Tech reads, March 2015

PIP looks at three of the latest books

Mobile spaces

Markus Heinsdorff

Jovis, 183p, £50

Judging by just about every public space nowadays, this is the Age of the Pop-Up. Or it is if Markus Heinsdorff is to be believed. The German installation artist was commissioned by the Goethe Institute to create a number of temporary shelters highlighting German industry and culture ‘Urban Mela’ (Hindi for ‘festival’), that toured India in 2012. Adapted to the climatic region, his ‘Textile Buildings’, first developed for China in 2008, were quick to assemble and dismantle and easy to repair and recycle. The 16 innovative, environmental pavilion structures used elegant engineering and novel textiles to push the envelope of the typology. The book is a stretched out compilation of photos and essays describing the their design and construction.


 

The Commercial Mediator’s Handbook

Cyril Chern 

Routledge Informa Law, 410pp, £120

It’s a help to know that Cyril Chern is not only a chartered architect but a barrister, which should bring comfort to those negotiating this dense, information loaded text on contract mediation.

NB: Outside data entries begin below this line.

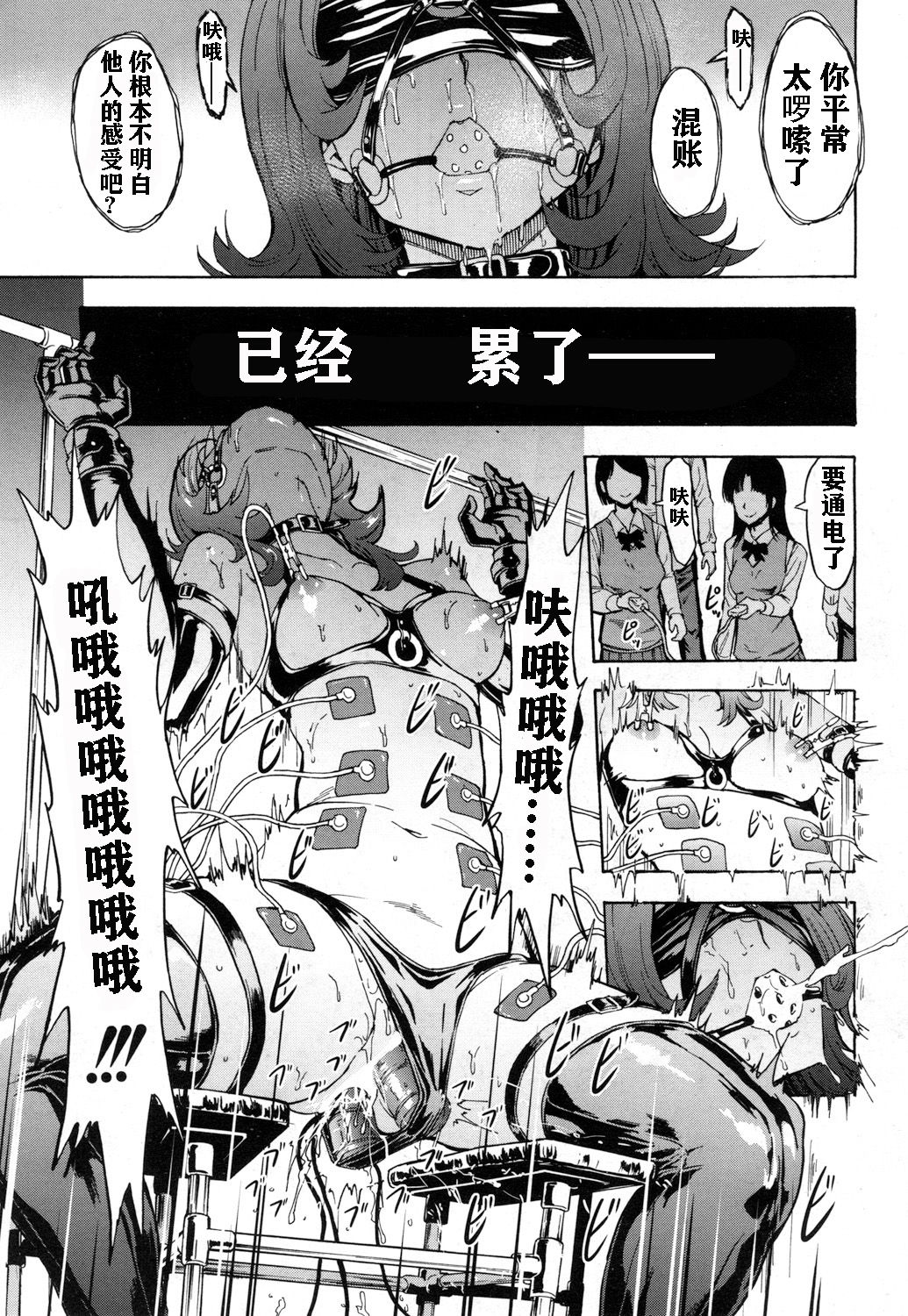 [日本漫画] 肉便器設置法〈女教師 冴島香の場合〉 单本,高潮潮吹,肛门#[29P]-22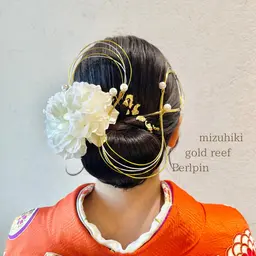 《成人式》振袖着付け＋ヘアセット¥33000⇨¥25300 /こちらのクーポンはベテランスタッフが技術担当。早朝込み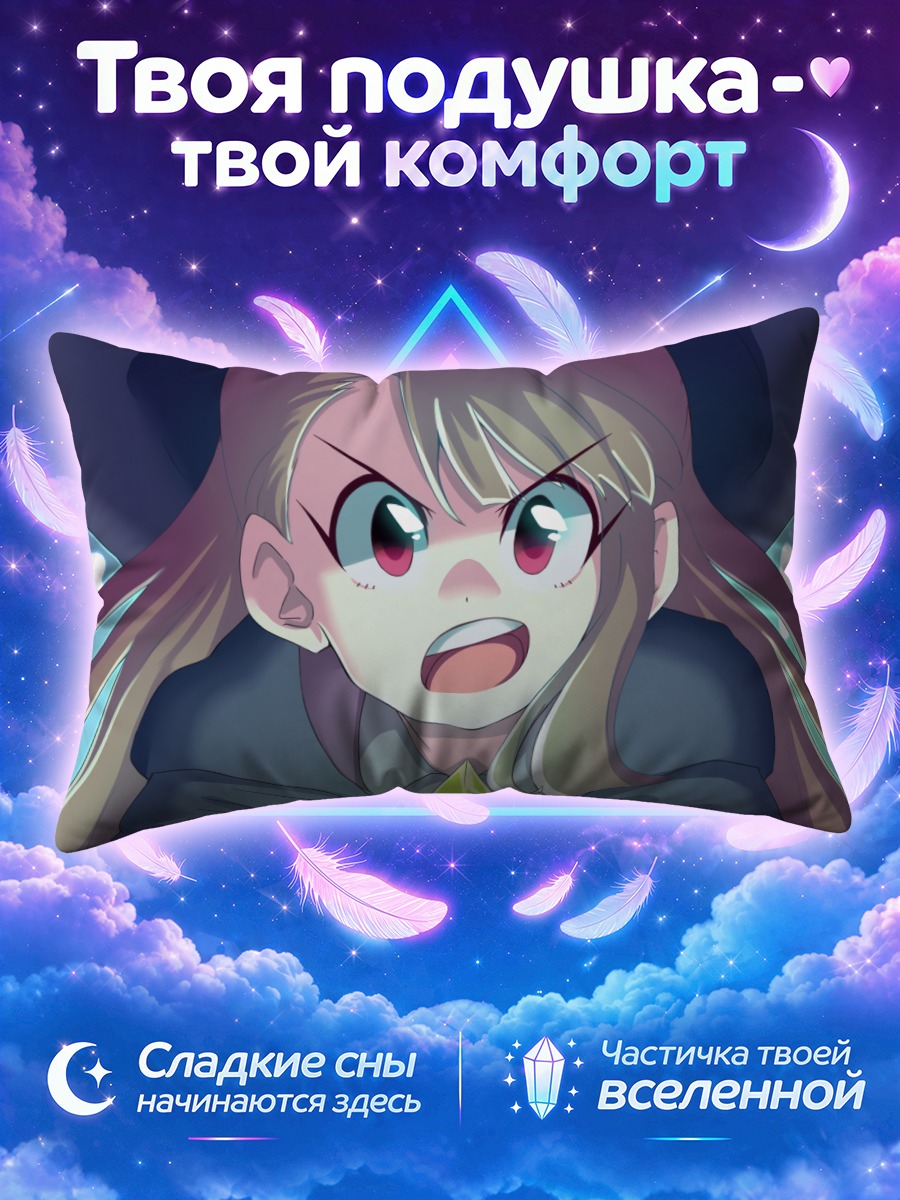 Подушка Ацуко Кагари в шляпе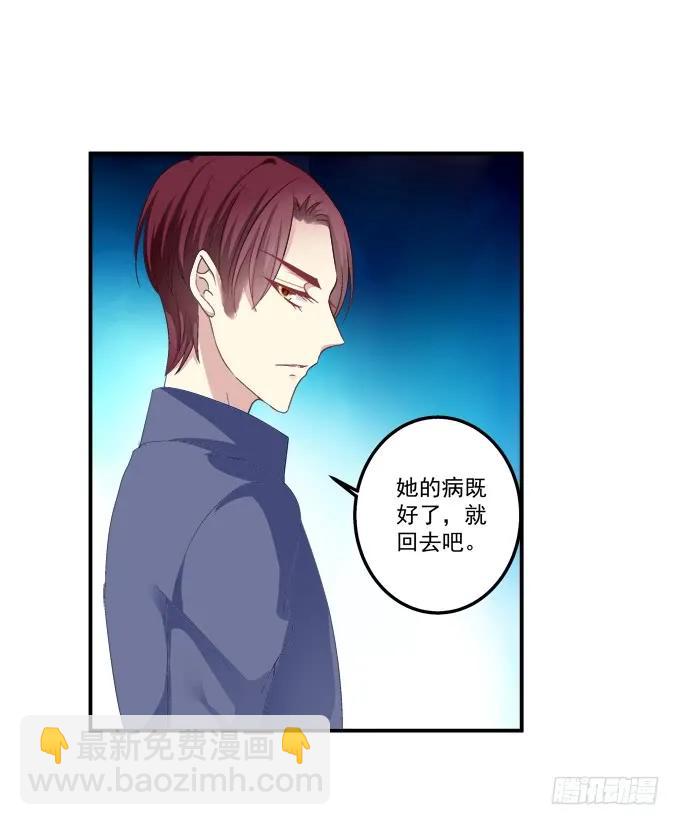 放弃等待(1/2)-第139话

As Chern warns, this isn’t about mediation methodologies per se but understanding how parties come to feel aggrieved, and what interests might motivate their thinking. It’s true, architects are most likely to be either one of those parties, but getting a barrister’s view of the process may well help an architect in better teasing out more cogent and rigorous arguments should that be necessary. Broken down into 25 chapters, themes are approached methodically, making the complex topic of mediation itself more manageable.


 

Tile Envy

Deborah Osburn

Cicada Books, 125p, £17.95

After years in the modernist wilderness, coloured ceramic tiles have been enjoying a strong resurgence in contemporary architecture, championed by the likes of OMA, FOA and Caruso St John. You’ll see evidence of that in this lovely book showcasing dozens of examples of their use in projects from all over the world. Splitting design types into ‘illustration’, ‘texture’ and ‘pattern’ we’re shown examples of everything from handcrafted to screen printed and computer printed tiles – a modern snapshot, in fact, of the designs, processes, material and methodologies employed by the modern tile industry. From Byzantine to CNC printed, the book is richly illustrated throughout, offering real inspiration to those who only see the world in black and white.